= PROMPT =
The line containing "Inspired by this" and every line after it, through the end of the records below, are to be reproduced exactly, with the pictures left out.

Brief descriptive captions
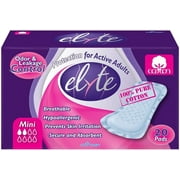 Elyte Incontinence Pads For Active Adults Mini, 20 Ea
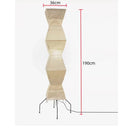 Axyaa Wabi-sabi Akari Noguchi Floor Lamp LED E27 Rice Paper Standing Art Decor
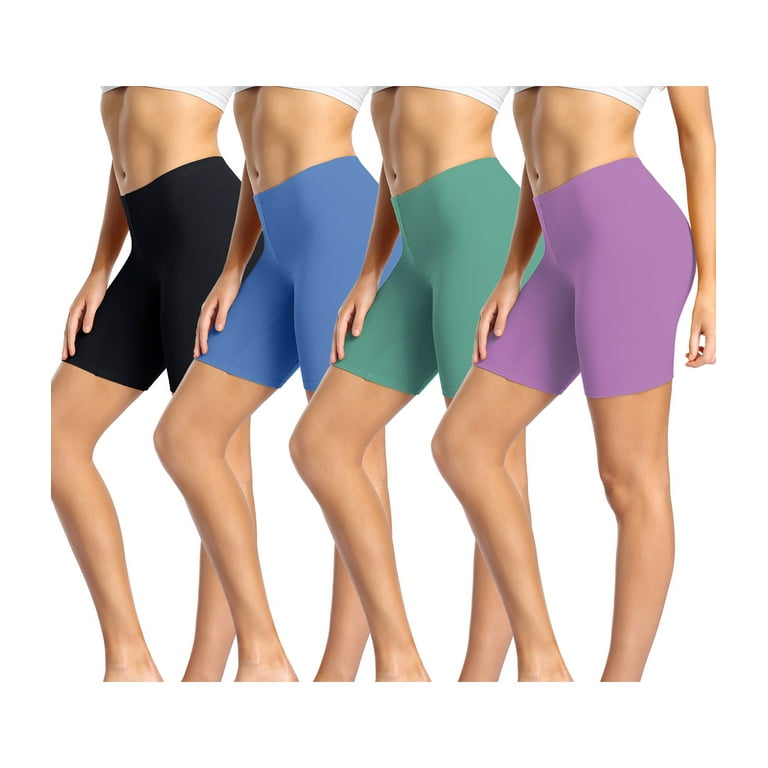 wirarpa Women's Cotton Boy Shorts Underwear Anti Chafing Soft Biker Short  Plus Boy Shorts Panties Multicolor Size 10 
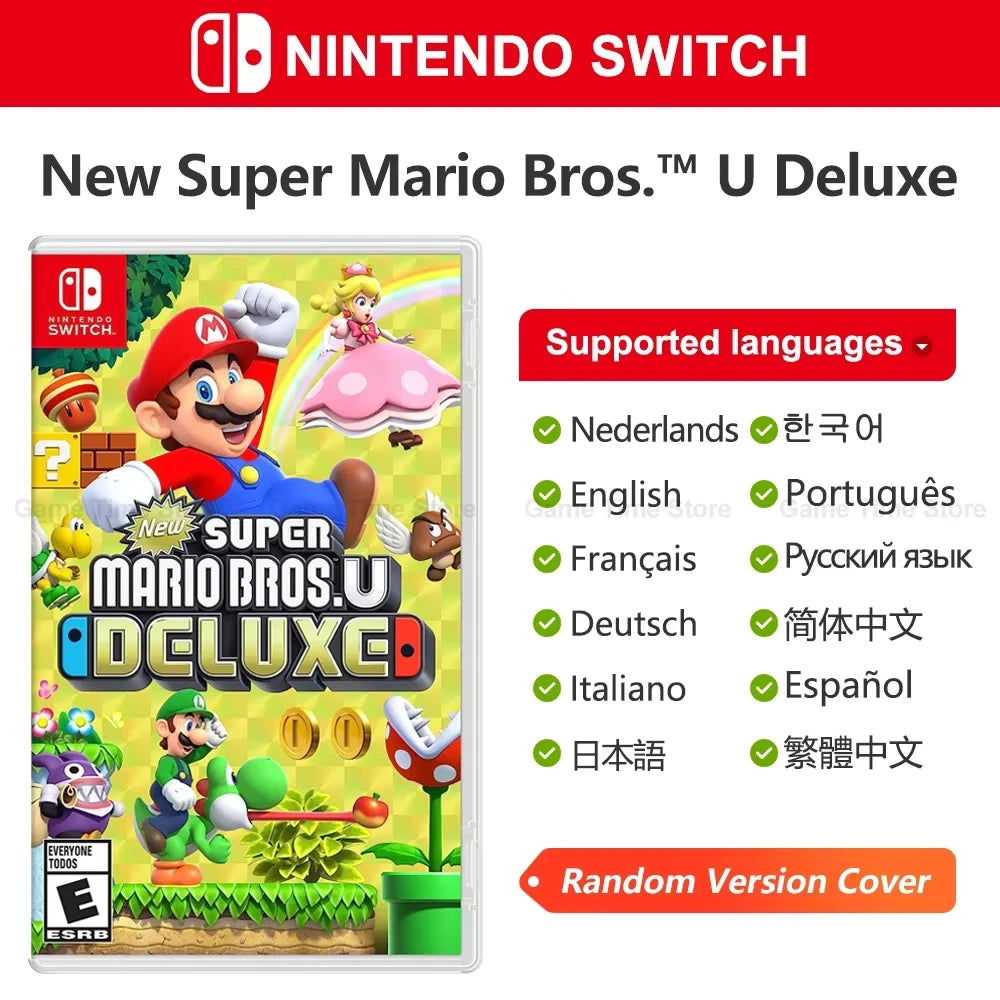Super Mario Nintendo Switch Games Mario Bros Wonder Kart 8 RPG Mario Strikers Odyssey 3D World Fury U Deluxe Party Superstars
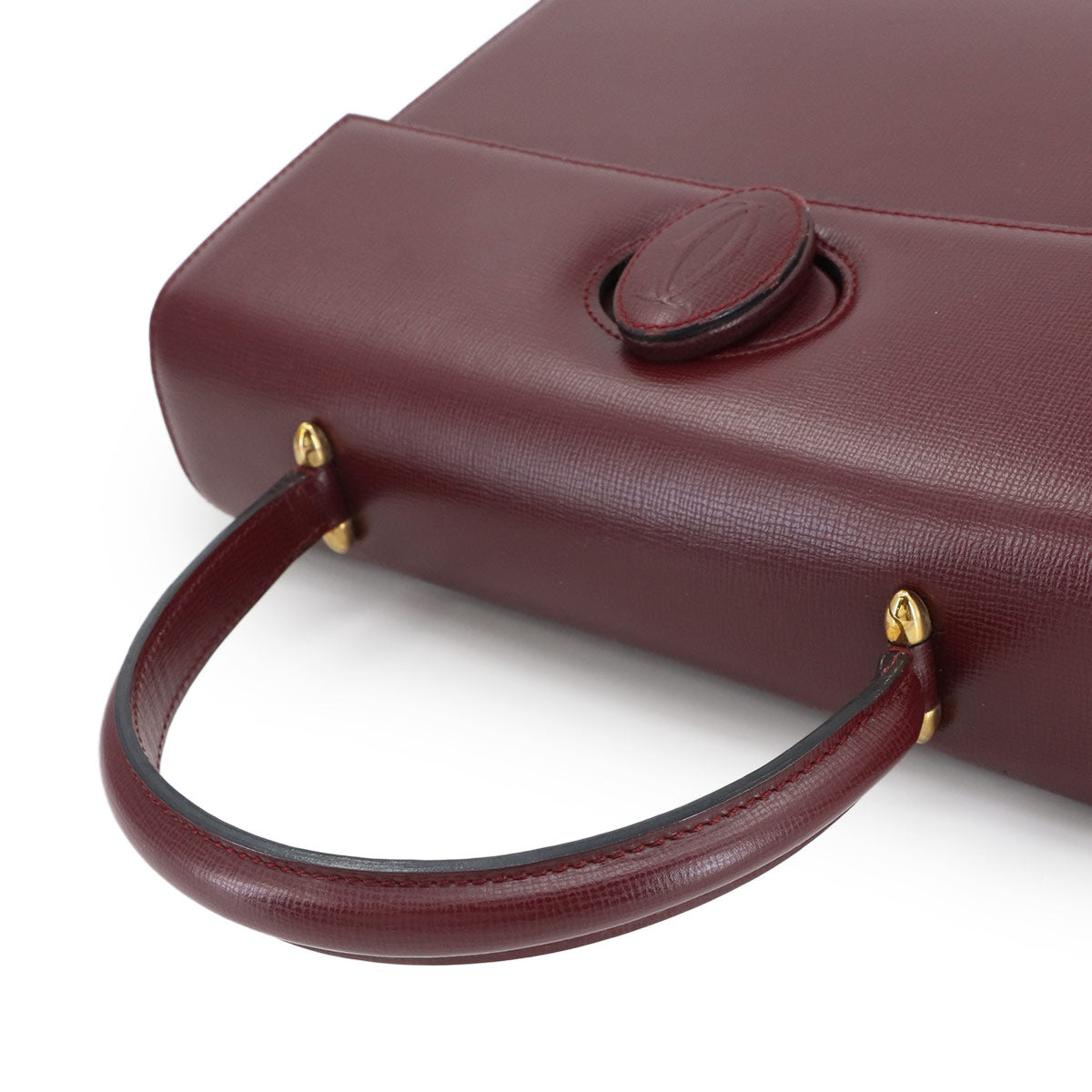 Must Hand Bag Leather Bordeaux Purse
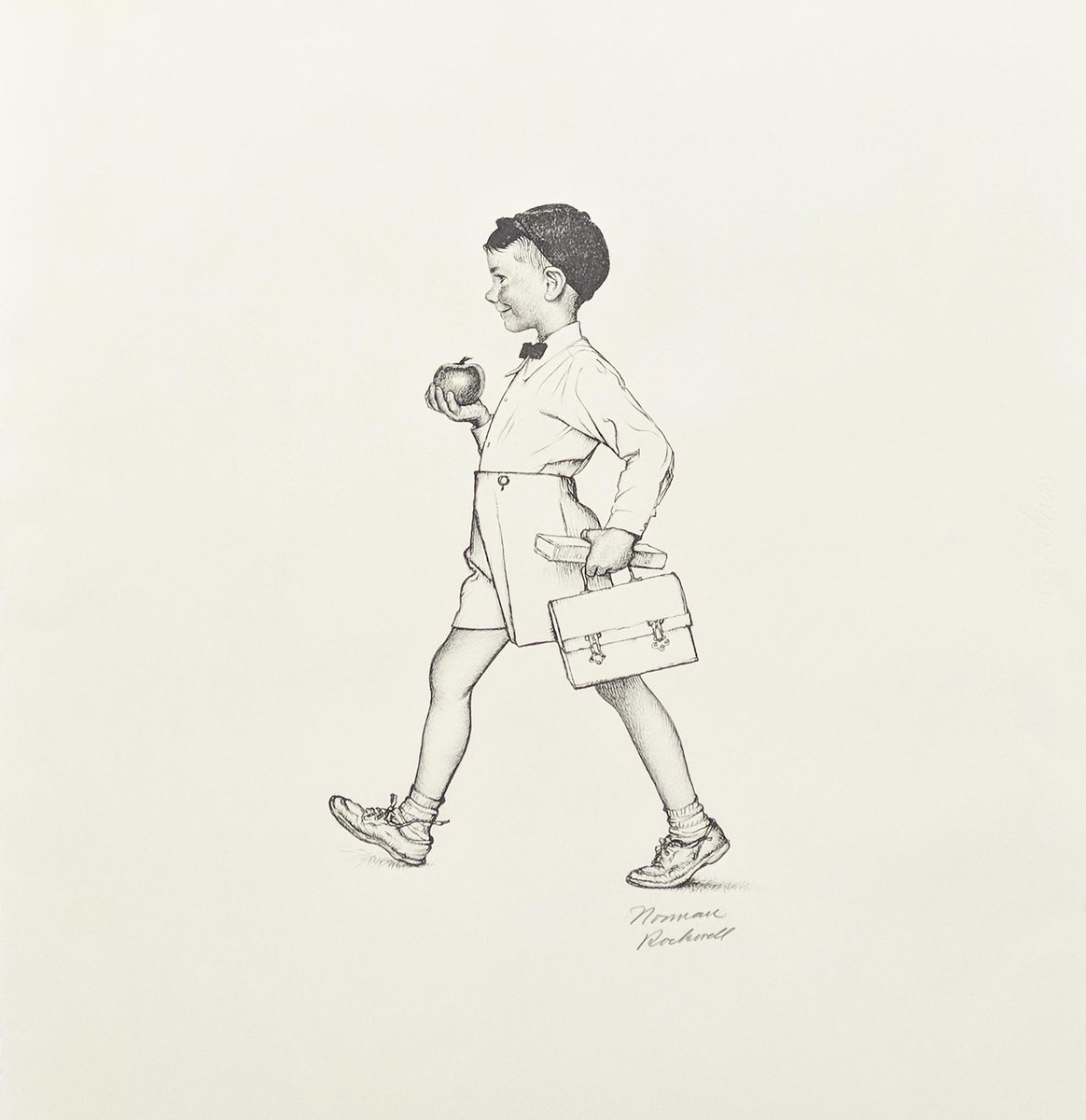 MikeMongo's tweet photo. In Norman Rockwell's "Teacher's Pet" a pleased-looking student brings their teacher an apple.

Inspired by this classic motif, this week I had my son bring their teachers @thecosmiccrisp apples, and explain how these are the apple we are carrying to Mars. #appleSTEM https://t.co/n7u4LaWhGe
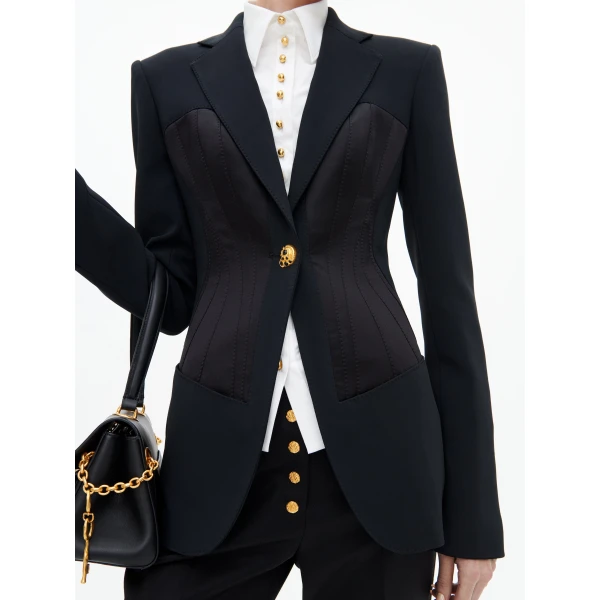 Schiaparelli Corset Jacket in Noir, view 5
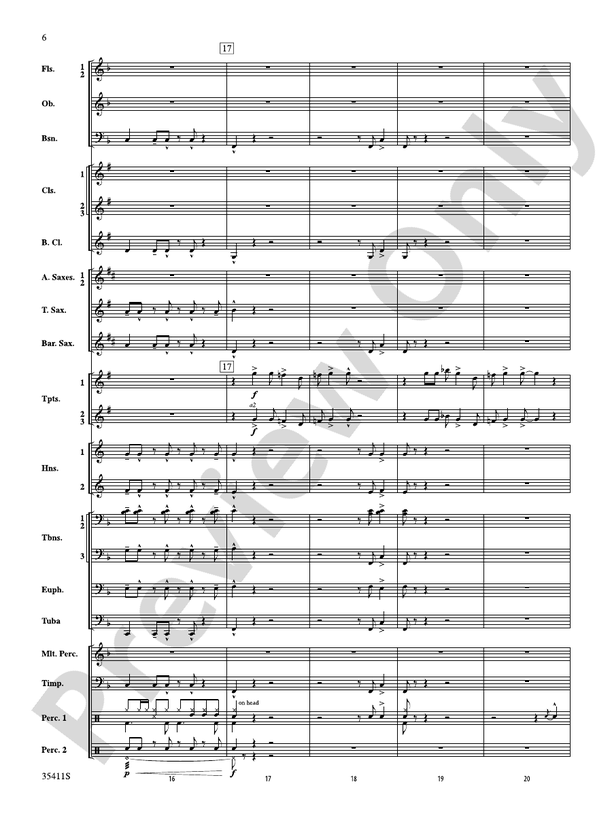 A Man and His Soul - Concert Band Conductor Score & Parts (Digital Download)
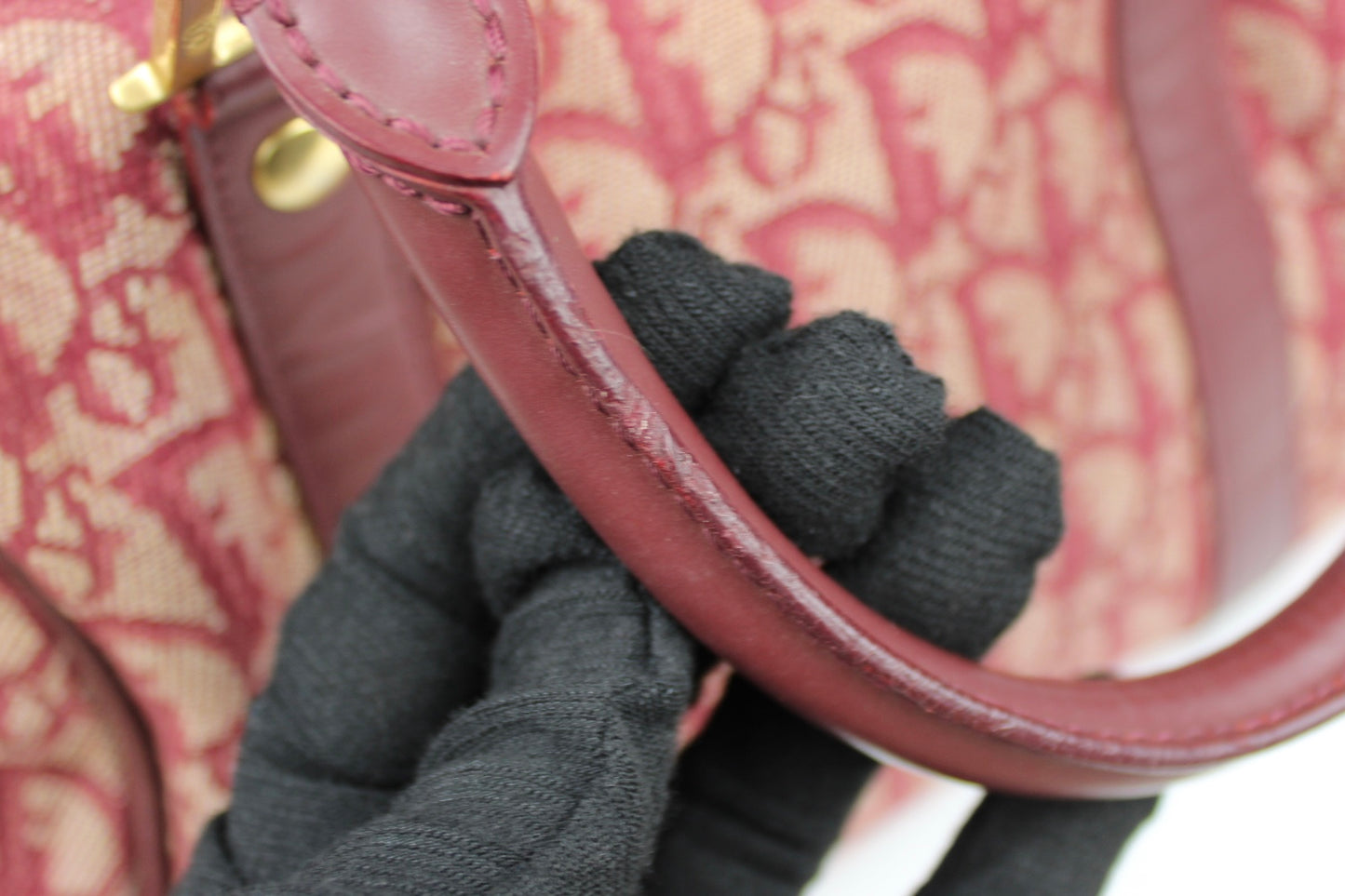 Dior Monogram Trotter Boston Bag 2004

= ANSWER FOR THE TASK =
Inspired by this classic motif, this week I had my son bring their teachers @thecosmiccrisp apples, and explain how these are the apple we are carrying to Mars. #appleSTEM https://t.co/n7u4LaWhGe
 Schiaparelli Corset Jacket in Noir, view 5
 A Man and His Soul - Concert Band Conductor Score & Parts (Digital Download)
 Dior Monogram Trotter Boston Bag 2004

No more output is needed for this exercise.